> Exercise prompt: Without the images, print every line of the material below exactly as given.

[Opening Exercise data section]

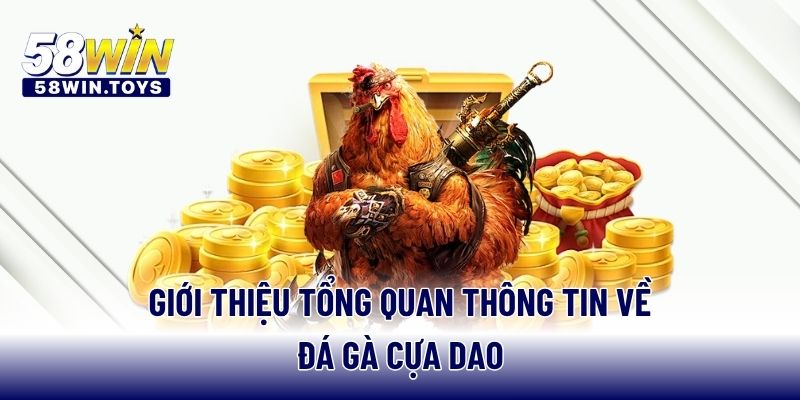 Giới thiệu tổng quan thông tin về đá gà cựa dao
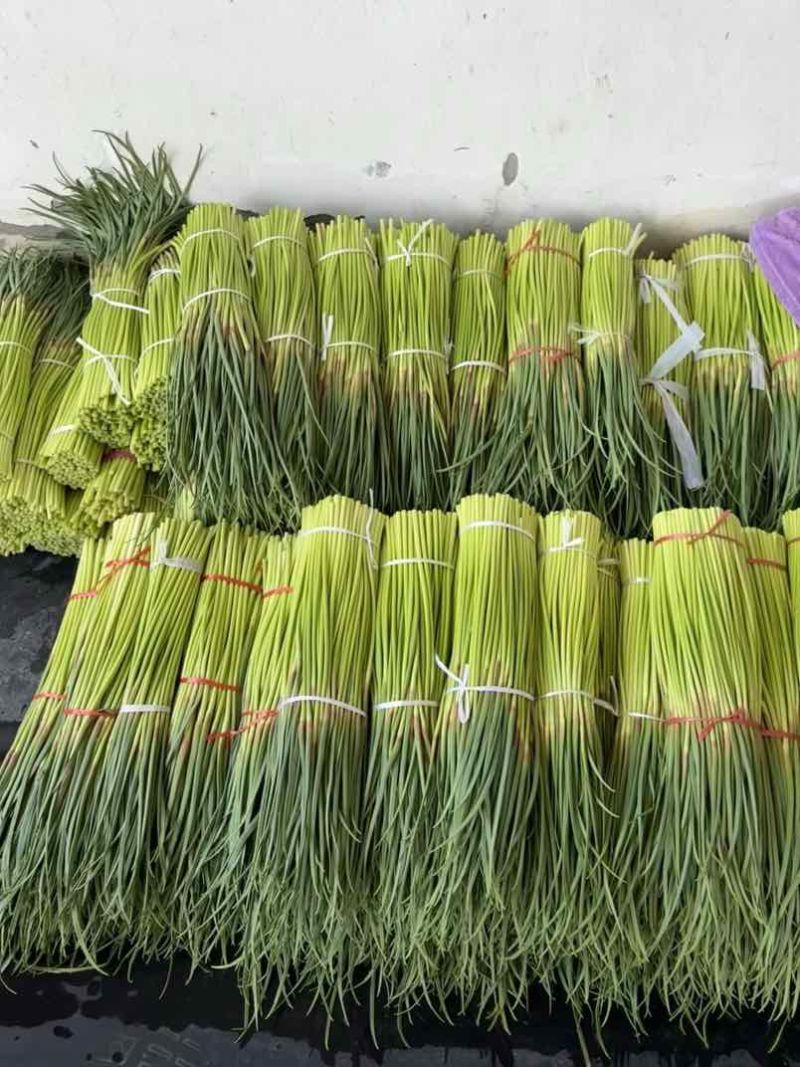 淮阳区红帽蒜苔，白冒蒜苔
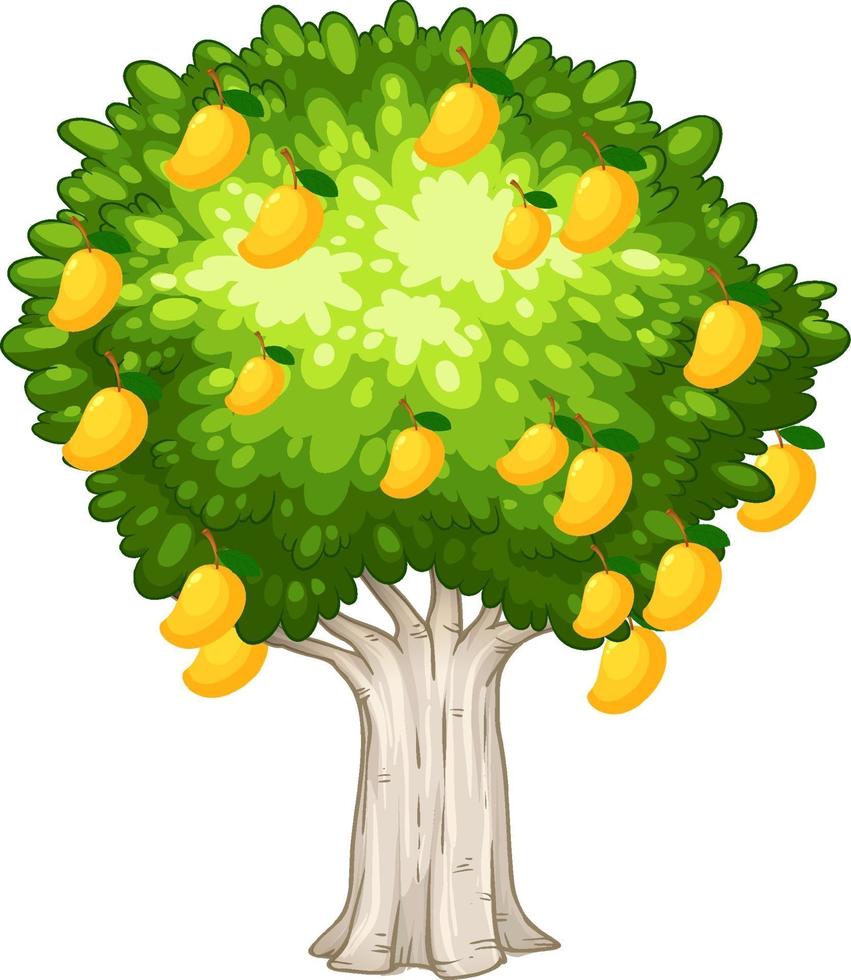 Yellow mango tree isolated on white background vector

[Closing Exercise data section]

> Solution to this task:
 Giới thiệu tổng quan thông tin về đá gà cựa dao
 淮阳区红帽蒜苔，白冒蒜苔
 Yellow mango tree isolated on white background vector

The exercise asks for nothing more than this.